Sure enough, in Risk Quantum’s quarterly round-up of VAR backtesting performance, a few names have been recurring: Huntington Bancshares and HSBC North America have been repeat overshooters. But names like JP Morgan have also popped up more than once in the past year.
Of course, in the eyes of supervisors, the size of any miscalculation is a major factor. While overshoots at JP Morgan and Huntington may be the same proportionally, the sheer mass of a trading loss at the former poses higher risk of systemic reverberations. As of Q4, Huntington’s consolidated VAR averaged all of $586,000.

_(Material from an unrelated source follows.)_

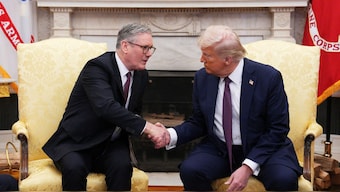 British Prime Minister Sir Keir Starmer shakes hands with US President Donald Trump in the Oval Office at the White House on February 27, 2025 in Washington, DC, US (Photo: Reuters)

And this should all, by now, be moot. Under global regulatory plans, VAR-based capital requirement models were due for retirement, as the Fundamental Review of Trading Book – the market and counterparty credit risk component of the Basel III reforms – replaced them with a framework based on expected shortfalls. But, thanks to delays and outright dithering in implementing FRTB, the models’ useful lifetime has been forcibly prolonged.
With volatility once more throwing its weight around, dealers will need to use every VAR overshoot as a chance to refine and repair their algorithms.